In 1770, the Russian army, led by Rumyantsev laid siege to Bendery. The fortress was taken, and the Russian soldiers, irritated by the stubborn resistance and death of their comrades, scattered around the city and, listening only to the feeling of revenge, did not spare either gender or age. Among the victims was the secretary of the Bendery Pasha. He was deadly wounded by one Russian grenadie, he bled to death, holding a baby in his hands, which was preparing the same fate. The Russian bayonet was already brought over the little Turk, when one Armenian kept his punishing hand exclaiming: “Stop, this is my son! He is a Christian! ” Noble lie served to salvation, and the child was spared. This child was my father.”
In a footnote, the author points out that the story given here is written down from the words of I.K. Aivazovsky and is kept in the painter’s family archive.
As known, the beneficence of the unknown Armenian did not end. He became the second father for the Muslim orphan, christened him by the name of Constantine, and gave him the surname Gaivazovsky. Thus, the family of Aivazovsky got its surname from the secretary of the pasha who died in the Bendery fortress (the word “gayzov” means “secretary” in Turkish). Then the family of Gayvazovsky moved from Turkey to Galicia, where till nowadays the family of landowners Aivazovsky, whose great-grandfather was ennobled by the Austrian emperor, has survived near the city of Lviv. According to the document on their nobility, the Gaivazovsky brothers, Ivan and Gabriel, from 1840 changed the spelling of “Gaivazovsky” to the more correct, from their point of view, “Ayvazovsky”, which they adhered to from that time.

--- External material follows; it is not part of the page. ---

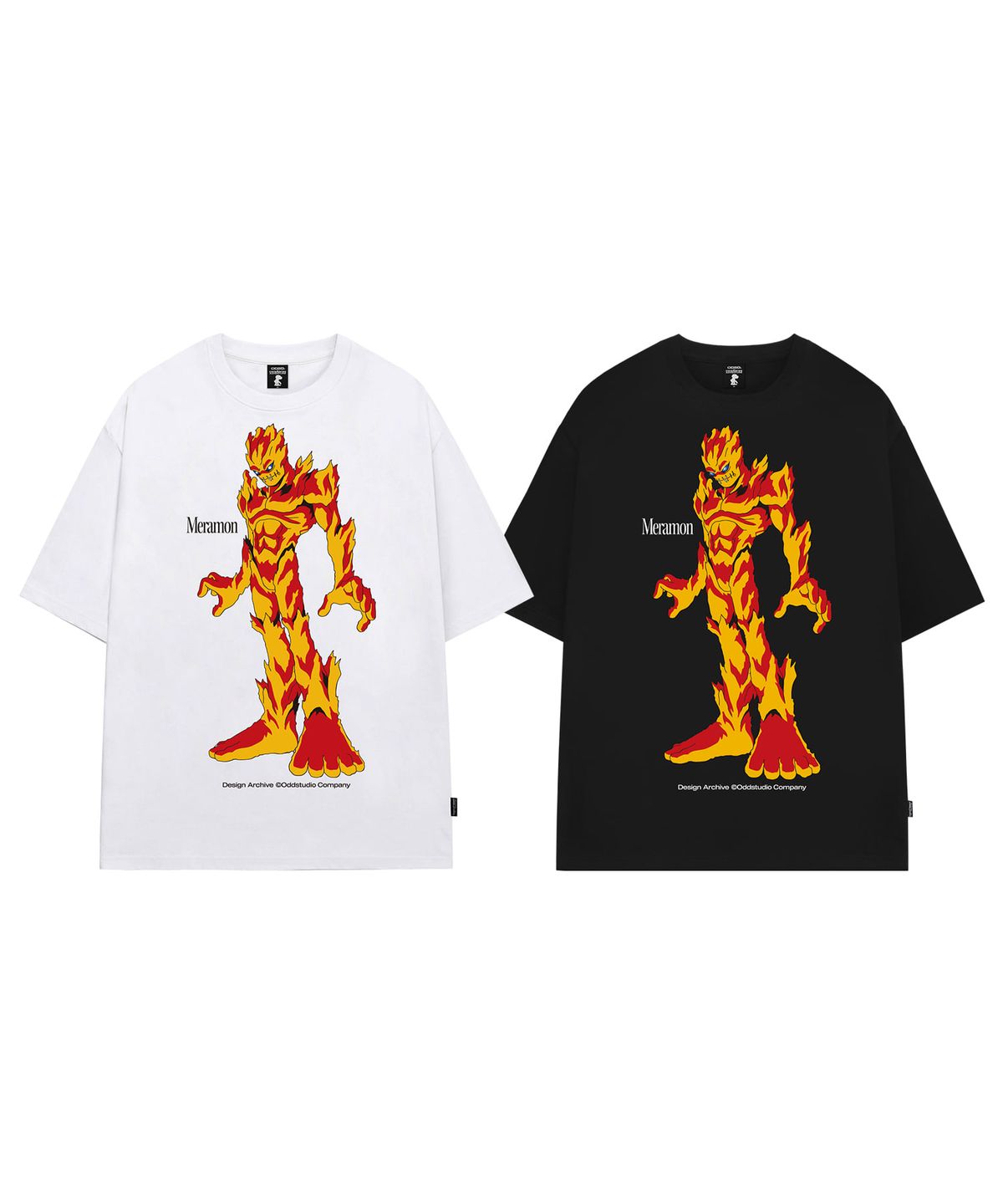 오드스튜디오(ODDSTUDIO) [디지몬 어드벤처] Meramon Overfit T-shirt - 2COLOR
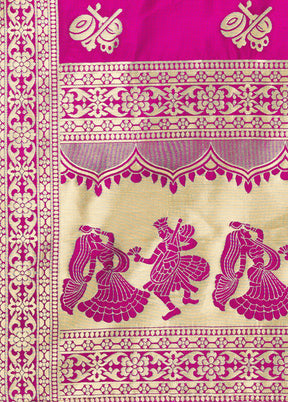 Pink Jacquard Dupatta - Indian Silk House Agencies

Aivazovsky-father lived for a long time with his benefactor in Galicia, but due to family disagreements he moved and lived in Wallachia and Moldova, where he was engaged in trade. He perfectly knew many languages: Turkish, Armenian, Hungarian, German, Jewish, Gypsy, and almost all adverbs of the present Danube nations. Then Konstantin Aivazovsky moved in Feodosia, where he married a young Armenian beautiful girl and engaged in commercial operations, at first successfully. However, in course of time the happiness betrayed him. In 1812, as a result of the plague, Aivazovsky was broke and, having lost most of his property, soon became poor. Therefore, the childhood of his sons was spent in a very modest conditions. From that moment usually the story about Ivan Aivazovsky begins.
The biographers of the famous marine painter write that Ivan Konstantinovich not only ardently loved people who helped him in his life, but generally attached to people and places. He had a passion for them no less than for art. And despite he spent his whole life traveling, he always returned to his native Feodosia. He was compared to a migratory bird, "looking for a freedom in one or the other side, but always returning to his homeland."
He always warmly remembered the places that he or his ancestors visited. Surely remembered and Bendery. The city mentioned in the family stories. Unknown Armenian who saved the life of his father. Bendery fortress - intersection of history, tragic and happy for the fate of the Aivazovsky family.
O. Rossolov, chief custodian of the A.V. Losev Republican Art Gallery
Actually - Count Panin. The author of the quote made historical inaccuracy.